Add 2/3 dealiasing filter for pseudospectral system

We see significant difference compared to pyqg for low res sims. We have only changed the advection scheme and removed the exponential filter, so it would be nice to know which of thesse two modifications caused this (particularly now as the backscatter is captured even with nx=48 simulations, which is a dramatic difference to pyqg).

Pseudospectral method with 2/3 dealiasing should be equivalent to Arakawa - this scheme also conserves PV. We would need to add Smagorinsky here again, in place of the exponential filter, but it would be interesting to see if that system produces similar spectral characteristics to the Arakawa + smag. Pavel put a PR for pyqg here.

Test Euler vs AB3 over short trajectories

Came up in the NYU-ML meeting, that when Karl was running his short trajectories, the low res sim would have to be initialised from a fresh set of potential vorticities, which would mean the first step was Euler, then AB2, then AB3. Test how much of a difference that makes, also whether we can just run Euler for ~25 timesteps or so (would be a significantly cheaper computational graph for online training)

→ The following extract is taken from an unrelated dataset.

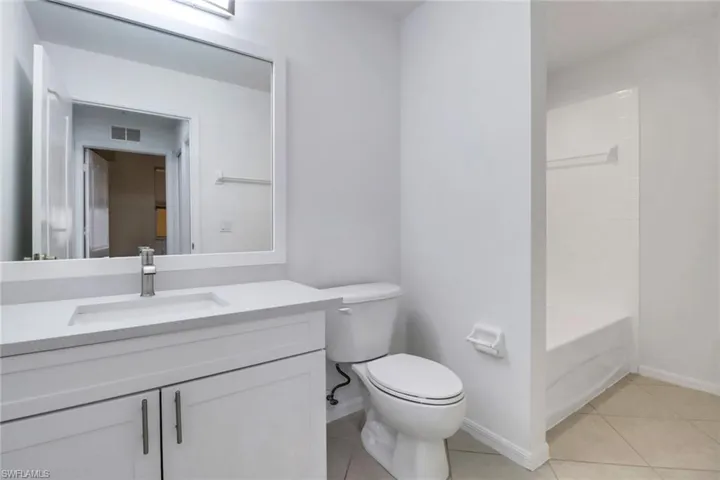 Full bathroom with tile patterned floors, vanity, shower / washtub combination, and toilet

Increasing domain size boosts inverse cascade for low res sims

my current intuition says this should not be the case. Am I wrong or is the code wrong?

Add spectral kernel

Add parameterisation contributions to spectral energy transfer

Currently we are only considering the resolved field, so we need to add KE and APE contributions from the parameterisation. Might impact our arakawa+smag spectral transfer plots on backscatter range.

Add typing

Once the structure is a bit more established, add typing to class/function arguments to improve stability

Float32 vs 64

When it comes to running on gpu, we'd be a lot more efficient with float32. In the current main branch, the wavenumbers (used to calculate the determinant of the elliptic eq inversion) are float32, and changing this doesn't impact the spectra/statistics of high res fields, despite having some impact on the matrix inversion:

Since this is the most sensitive part of the code to numerical precision, if this isn't impacted, maybe we can just run in 32? Lets compare pyqg64, torchqg64, torchqg32 and see if the spectra are different.

Comparison with pyqg

Add online training

Made a start on this in #35. One consideration will be the renormalisation that goes on in the CNN parameterisation, and whether this will lead to numerical issues in the gradient flow. I guess let's just try with the most straightforward set up, and see if we see some kind of convergence. If not, this would be one place to look.